With all the complaints about KDE, why do I even bother? Well some key things that pushed me towards KDE:
  • Bluetooth worked. I can see and transfer files to my Nokia 6230i. Although I still couldn't get it to sync. In Gnome, it sees my cell phone, but does not make any associations with it.
  • I like Kopete because it gives me some hope that my webcam may work. Although it doesn't.

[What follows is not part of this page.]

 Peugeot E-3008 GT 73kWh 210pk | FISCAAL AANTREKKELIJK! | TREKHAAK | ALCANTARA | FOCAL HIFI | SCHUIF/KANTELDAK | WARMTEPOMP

  • I like the notion of KWallet which stores all the passwords in one convenient location. Although Firefox does not use it.
  • I like the Crystal window decoration (its like cheap Vista). Though I am pretty sure if I try hard enough, I would be able to pull that in Gnome anyway.
  • KDE has an automatic wallpaper switcher built in.
  • KDE's file browser acts like a browser rather than the way Windows 95 used to work. Although there was a setting to change that in Gnome hidden in gconf so I was able to get around that limitation.
I've gotten a bit further with the network printer on Mandriva than I did with Ubuntu or PC-BSD. I see the printer in the CUPS server, but I still cannot print. Nor can I scan or fax. Although Mandriva pulls in the Microsoft TrueType fonts such as Tahoma and Trebuchet MS. It still was not able to pull in my new favourite UI font: Segoe UI. So my UI still does not look a clean cut as my patched XP using Luna QQ. Mandriva also uses Firefox 1.5 and since it is just an RPM based system, you have to go grab 2.0 yourself and to the installation yourself rather than relying on an RPM installer. The excuse being that 2.0 is buggy. There is no BitTorrent client that is in Mandriva's packages either. I had to download and install KTorrent manually through downloaded RPMs. Unfortunately, I couldn't even get any downloads started with the thing. It does not "just work" like uTorrent does for Windows. The software update function of Mandriva has no "select all" in their package update UI. This means that I have to individually select the updates and click on apply. It is too bad that Mandriva was not enough to get me to switch yet. I liked how a lot of things just worked out of the box unlike Ubuntu. However, there are still some major glitches with it in terms of a full user experience. So it will just be remaining in its partition almost never to be used again.